Loading up on Antioxidants

The word antioxidants has been a nutrition buzz word from quite some time now but do you still find yourself wondering what it means? Here’s some background on what it means and how it’s good for our body’s.

What are antioxidants?

Antioxidants are naturally found in foods. An antioxidant can be:

  • A vitamin such as vitamins A, C or E
  • Plant chemicals like flavonoids and carotenoids
  • A mineral such as selenium

Antioxidants protect your body’s cells from damage that can occur our body. Cell damage happens naturally as you age or can happen when we are exposed to things like pollution or cigarette smoke. Cell damage can lead to common diseases like heart disease and diabetes. A diet rich in antioxidants can help lower your risk of these diseases

What foods have antioxidants?

Vegetables, fruit, whole grain bread, pasta and cereal, beans, lentils, nuts, seeds, vegetable oils, garlic, and green tea have antioxidants.

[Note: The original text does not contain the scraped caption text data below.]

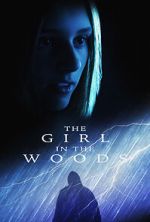 Watch The Girl in the Woods 9movies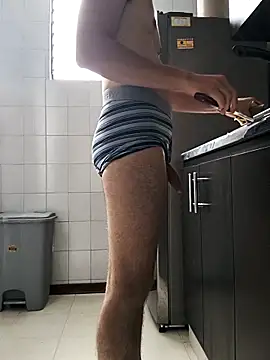 xXDavisXx online show from 02/13/25, 06:48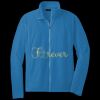 Microfleece Jacket Thumbnail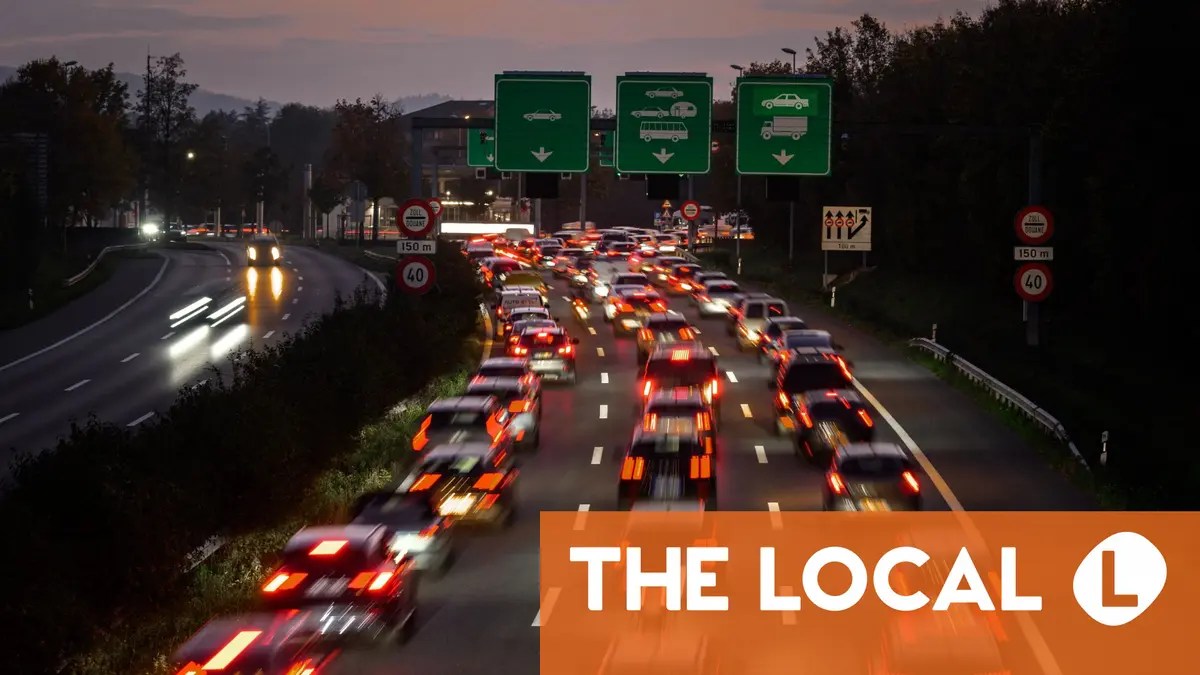 A roundup of the latest news on Wednesday A roundup of the latest news on Wednesday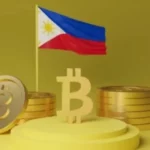 Philippines SEC Proposes Comprehensive Rules for Crypto Asset Regulation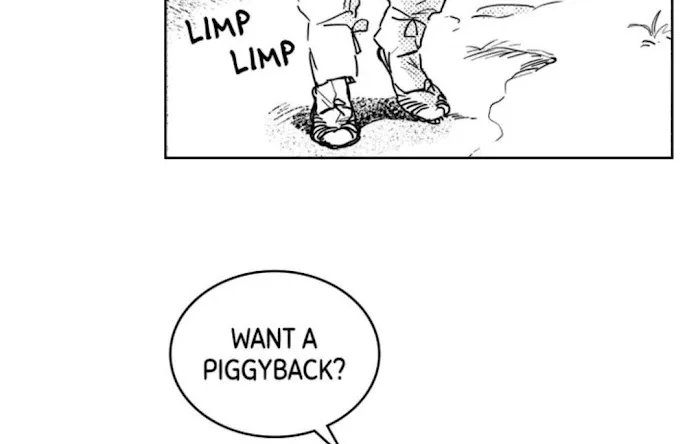 Read Bongchon Bride chapter 29 image 31 on Lezhin
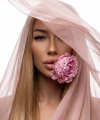 profile of Russian mail order brides Veronika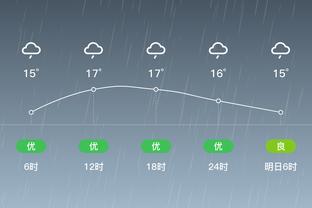 雷竞技电子竞技比赛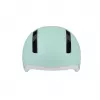Casco de bicicleta HJC CALIDO MT MINT, talla L, In-Mold, 58–63 cm, 280 g, 4 aberturas de ventilación, SELFIT™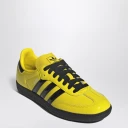 Adidas Originals Dame Sko Gul 37 EU,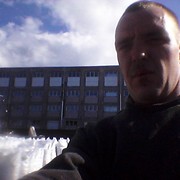  ,   Mixasja, 41 ,   ,   , c 
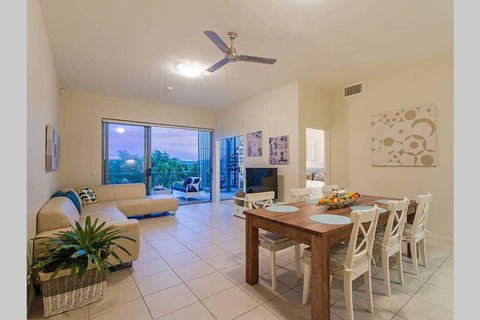 Beachside Penthouse With 360views - Accommodation Batemans Bay 0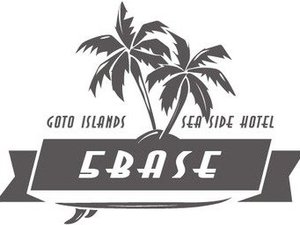 SEA　SIDE　HOTEL　5BASE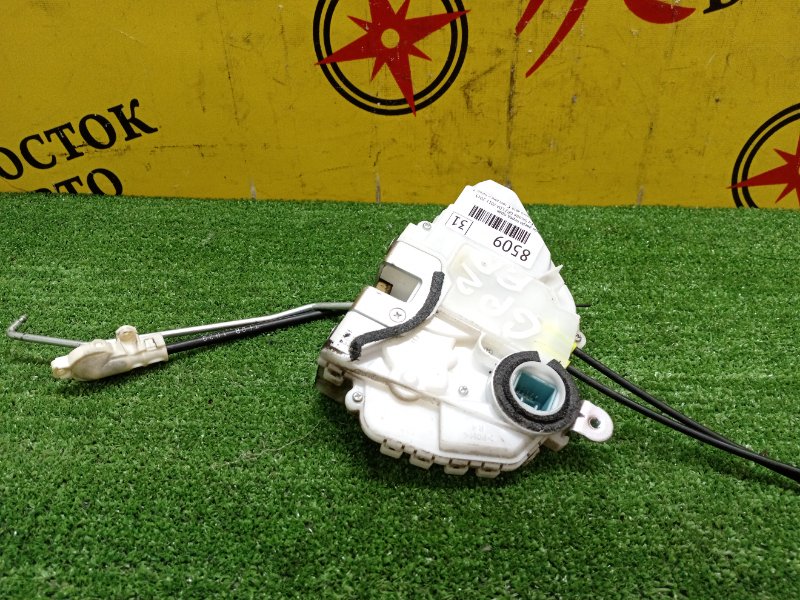 замок двери, 1800 рублей, Красноярск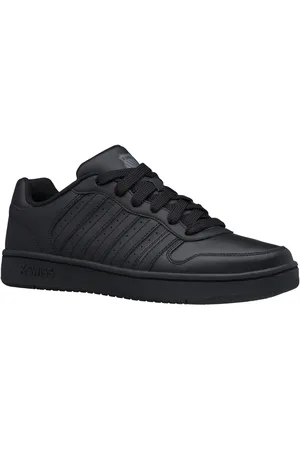 K-Swiss Sneakers Court Palisades
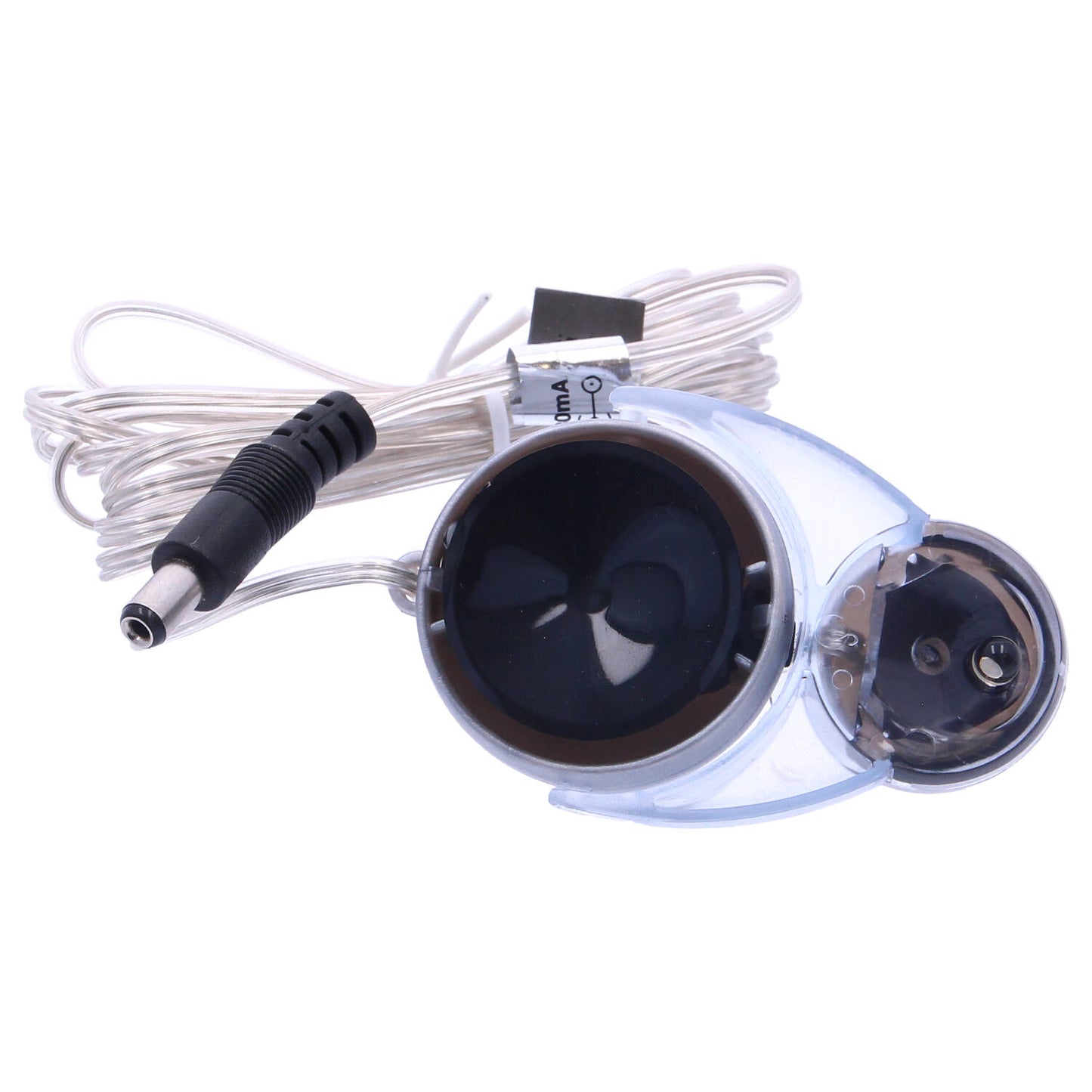 Marina Micro LED Light Set & Blue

Tips for getting more antioxidants

Vitamin C:

  • Add broccoli, spinach, Brussels sprouts, potatoes and red, yellow or green peppers to stir fry dishes or serve them with a low fat dip.
  • Add strawberries and raspberries to yogurt or a smoothie or mix them into a fruit salad.
  • Enjoy tropical fruit such as papaya, kiwis, grapefruits, guavas and mangos.

Vitamin E:

  • Sprinkle almonds and sunflower seeds on salads or add them to granola and cereal.
  • Add avocadoes to salads, sandwiches and wraps, smoothies or make a guacamole dip.
  • Choose fish at least twice a week. Mackerel, herring, salmon, halibut and tuna are good sources of vitamin E.

Flavonoids:

  • Choose green tea more often.
  • Add blueberries, raspberries and strawberries to cereal, yogurt, salads, low fat frozen yogurt or cottage cheese.
  • Add apples and red grapes to a green salad or fruit salad.

Selenium:

  • Make a mixed bean salad for an appetizer.
  • Bake fish like tilapia, cod, haddock or salmon in the oven.
  • Include meat, fish, shellfish, poultry, eggs and nuts throughout the day.

Carotenoids:

  • Have tomato sauce on top of whole wheat pasta or brown rice.
  • Roast or bake carrots, sweet potato and squash in the oven.
  • Make a tossed salad with spinach, kale and dark leafy vegetables.

Antioxidant info sourced from: http://www.eatrightontario.ca/en/Articles/Antioxidants/What-you-need-to-know-about-antioxidants.aspx

Kristin Harris is a registered dietitian with Kids Eat Smart Foundation Newfoundland and Labrador.